§ **REQUIREMENT**
Every line of the entries below from the one containing "You control things" to the one containing "The fitting will", both ends included, must be written out exactly. No other line belongs in the answer.

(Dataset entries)

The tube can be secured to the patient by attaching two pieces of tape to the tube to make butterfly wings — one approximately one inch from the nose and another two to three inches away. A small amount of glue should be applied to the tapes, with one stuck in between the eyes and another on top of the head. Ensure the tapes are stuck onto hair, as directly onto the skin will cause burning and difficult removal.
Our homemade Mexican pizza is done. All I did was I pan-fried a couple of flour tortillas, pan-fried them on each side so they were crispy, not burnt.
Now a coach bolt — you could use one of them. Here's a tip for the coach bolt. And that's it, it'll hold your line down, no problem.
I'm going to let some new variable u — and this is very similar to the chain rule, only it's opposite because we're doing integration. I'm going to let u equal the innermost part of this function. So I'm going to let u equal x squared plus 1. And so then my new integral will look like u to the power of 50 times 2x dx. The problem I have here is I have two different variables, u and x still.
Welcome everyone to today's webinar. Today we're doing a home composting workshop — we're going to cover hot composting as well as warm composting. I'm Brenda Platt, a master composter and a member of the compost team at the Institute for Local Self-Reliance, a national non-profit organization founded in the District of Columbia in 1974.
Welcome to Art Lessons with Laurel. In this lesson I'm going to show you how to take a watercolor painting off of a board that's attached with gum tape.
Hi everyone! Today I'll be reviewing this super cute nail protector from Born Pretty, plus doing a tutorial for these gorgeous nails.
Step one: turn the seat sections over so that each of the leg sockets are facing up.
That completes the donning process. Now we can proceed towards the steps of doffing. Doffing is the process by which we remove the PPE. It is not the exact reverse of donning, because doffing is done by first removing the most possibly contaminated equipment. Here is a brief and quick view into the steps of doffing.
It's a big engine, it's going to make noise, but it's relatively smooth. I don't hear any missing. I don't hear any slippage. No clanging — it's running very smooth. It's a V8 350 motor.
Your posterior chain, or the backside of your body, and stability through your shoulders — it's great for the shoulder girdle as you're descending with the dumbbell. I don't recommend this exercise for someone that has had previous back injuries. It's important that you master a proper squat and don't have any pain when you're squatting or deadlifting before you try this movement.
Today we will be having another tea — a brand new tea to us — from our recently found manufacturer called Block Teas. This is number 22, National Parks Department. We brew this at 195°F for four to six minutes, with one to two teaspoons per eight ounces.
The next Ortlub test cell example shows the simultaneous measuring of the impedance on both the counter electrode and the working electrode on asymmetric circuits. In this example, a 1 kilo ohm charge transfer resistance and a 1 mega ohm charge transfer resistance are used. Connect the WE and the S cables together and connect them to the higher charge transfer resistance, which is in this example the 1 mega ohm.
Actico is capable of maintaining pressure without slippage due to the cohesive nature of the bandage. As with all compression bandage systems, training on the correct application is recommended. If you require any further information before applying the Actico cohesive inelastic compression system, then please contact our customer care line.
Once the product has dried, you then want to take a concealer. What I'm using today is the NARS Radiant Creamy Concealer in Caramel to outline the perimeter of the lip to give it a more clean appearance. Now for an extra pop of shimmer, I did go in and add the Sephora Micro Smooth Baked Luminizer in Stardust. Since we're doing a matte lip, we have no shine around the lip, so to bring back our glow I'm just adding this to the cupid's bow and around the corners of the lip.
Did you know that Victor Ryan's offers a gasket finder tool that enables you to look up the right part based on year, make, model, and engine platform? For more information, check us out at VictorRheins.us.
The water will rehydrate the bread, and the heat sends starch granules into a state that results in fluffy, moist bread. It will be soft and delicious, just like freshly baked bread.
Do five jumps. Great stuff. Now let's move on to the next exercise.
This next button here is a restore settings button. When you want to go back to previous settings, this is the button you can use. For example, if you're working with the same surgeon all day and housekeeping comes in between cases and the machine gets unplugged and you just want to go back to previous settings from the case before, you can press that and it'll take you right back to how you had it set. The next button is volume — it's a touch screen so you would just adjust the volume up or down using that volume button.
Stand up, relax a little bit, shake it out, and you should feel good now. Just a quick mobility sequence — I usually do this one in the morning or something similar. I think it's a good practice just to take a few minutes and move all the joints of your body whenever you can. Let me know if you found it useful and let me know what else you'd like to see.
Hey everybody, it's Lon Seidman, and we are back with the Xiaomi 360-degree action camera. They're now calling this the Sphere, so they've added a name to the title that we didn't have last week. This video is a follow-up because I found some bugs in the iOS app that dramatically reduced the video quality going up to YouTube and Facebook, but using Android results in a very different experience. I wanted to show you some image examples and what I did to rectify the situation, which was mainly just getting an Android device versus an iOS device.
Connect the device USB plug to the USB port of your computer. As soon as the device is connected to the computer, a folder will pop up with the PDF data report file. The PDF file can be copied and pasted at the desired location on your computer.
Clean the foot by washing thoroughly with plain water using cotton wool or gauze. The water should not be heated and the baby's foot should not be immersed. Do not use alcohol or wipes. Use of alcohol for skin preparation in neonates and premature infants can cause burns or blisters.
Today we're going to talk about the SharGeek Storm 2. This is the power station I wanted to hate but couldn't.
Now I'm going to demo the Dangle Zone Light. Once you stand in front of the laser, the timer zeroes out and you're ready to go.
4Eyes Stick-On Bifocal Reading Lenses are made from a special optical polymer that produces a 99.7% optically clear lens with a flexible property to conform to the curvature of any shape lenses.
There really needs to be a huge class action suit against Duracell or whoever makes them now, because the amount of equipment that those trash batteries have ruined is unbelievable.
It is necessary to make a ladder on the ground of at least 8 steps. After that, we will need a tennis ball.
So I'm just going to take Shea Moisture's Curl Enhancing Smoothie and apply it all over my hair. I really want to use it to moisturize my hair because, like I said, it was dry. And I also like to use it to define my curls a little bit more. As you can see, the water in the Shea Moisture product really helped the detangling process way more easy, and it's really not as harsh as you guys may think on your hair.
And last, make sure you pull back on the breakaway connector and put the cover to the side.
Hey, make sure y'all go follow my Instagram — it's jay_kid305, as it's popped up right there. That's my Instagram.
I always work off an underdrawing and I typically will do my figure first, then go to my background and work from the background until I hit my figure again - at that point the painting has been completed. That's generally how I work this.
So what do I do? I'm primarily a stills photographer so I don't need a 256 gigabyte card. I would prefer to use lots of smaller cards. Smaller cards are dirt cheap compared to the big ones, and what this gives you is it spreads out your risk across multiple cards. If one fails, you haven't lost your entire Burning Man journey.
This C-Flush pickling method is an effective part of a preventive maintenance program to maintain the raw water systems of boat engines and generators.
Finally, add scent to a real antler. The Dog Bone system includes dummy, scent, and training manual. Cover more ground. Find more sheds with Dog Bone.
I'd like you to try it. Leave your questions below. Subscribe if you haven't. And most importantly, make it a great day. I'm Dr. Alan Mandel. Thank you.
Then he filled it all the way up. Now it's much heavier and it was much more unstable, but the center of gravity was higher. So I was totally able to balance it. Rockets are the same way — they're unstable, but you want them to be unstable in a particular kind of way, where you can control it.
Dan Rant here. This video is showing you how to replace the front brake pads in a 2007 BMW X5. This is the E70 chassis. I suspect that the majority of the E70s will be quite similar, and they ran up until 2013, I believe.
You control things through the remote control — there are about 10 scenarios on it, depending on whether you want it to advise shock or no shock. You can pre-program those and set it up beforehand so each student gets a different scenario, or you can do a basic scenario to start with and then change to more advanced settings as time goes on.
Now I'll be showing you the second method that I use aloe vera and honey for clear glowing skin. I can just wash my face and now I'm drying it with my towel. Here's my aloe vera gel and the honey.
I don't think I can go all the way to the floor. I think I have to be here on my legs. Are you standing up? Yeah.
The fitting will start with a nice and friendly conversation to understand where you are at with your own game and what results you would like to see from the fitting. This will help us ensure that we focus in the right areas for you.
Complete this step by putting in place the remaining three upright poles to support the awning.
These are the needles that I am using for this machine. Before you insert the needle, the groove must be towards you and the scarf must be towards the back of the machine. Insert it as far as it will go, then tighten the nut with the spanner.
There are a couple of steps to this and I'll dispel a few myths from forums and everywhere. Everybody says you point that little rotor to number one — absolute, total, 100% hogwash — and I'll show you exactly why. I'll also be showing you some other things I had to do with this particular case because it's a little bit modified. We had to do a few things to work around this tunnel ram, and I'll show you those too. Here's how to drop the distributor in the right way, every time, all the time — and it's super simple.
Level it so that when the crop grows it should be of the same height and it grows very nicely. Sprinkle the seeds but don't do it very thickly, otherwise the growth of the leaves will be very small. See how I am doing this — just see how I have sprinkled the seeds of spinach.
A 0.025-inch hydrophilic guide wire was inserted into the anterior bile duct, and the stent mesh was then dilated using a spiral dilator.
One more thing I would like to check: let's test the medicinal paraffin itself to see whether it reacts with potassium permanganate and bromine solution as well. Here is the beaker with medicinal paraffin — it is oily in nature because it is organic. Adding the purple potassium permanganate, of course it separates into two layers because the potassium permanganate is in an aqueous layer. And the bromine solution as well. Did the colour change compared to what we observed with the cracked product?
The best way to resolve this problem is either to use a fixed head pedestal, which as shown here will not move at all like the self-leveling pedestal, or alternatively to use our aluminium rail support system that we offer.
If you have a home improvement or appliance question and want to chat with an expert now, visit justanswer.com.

§ **SOLUTION TO THIS PROBLEM**
You control things through the remote control — there are about 10 scenarios on it, depending on whether you want it to advise shock or no shock. You can pre-program those and set it up beforehand so each student gets a different scenario, or you can do a basic scenario to start with and then change to more advanced settings as time goes on.
Now I'll be showing you the second method that I use aloe vera and honey for clear glowing skin. I can just wash my face and now I'm drying it with my towel. Here's my aloe vera gel and the honey.
I don't think I can go all the way to the floor. I think I have to be here on my legs. Are you standing up? Yeah.
The fitting will start with a nice and friendly conversation to understand where you are at with your own game and what results you would like to see from the fitting. This will help us ensure that we focus in the right areas for you.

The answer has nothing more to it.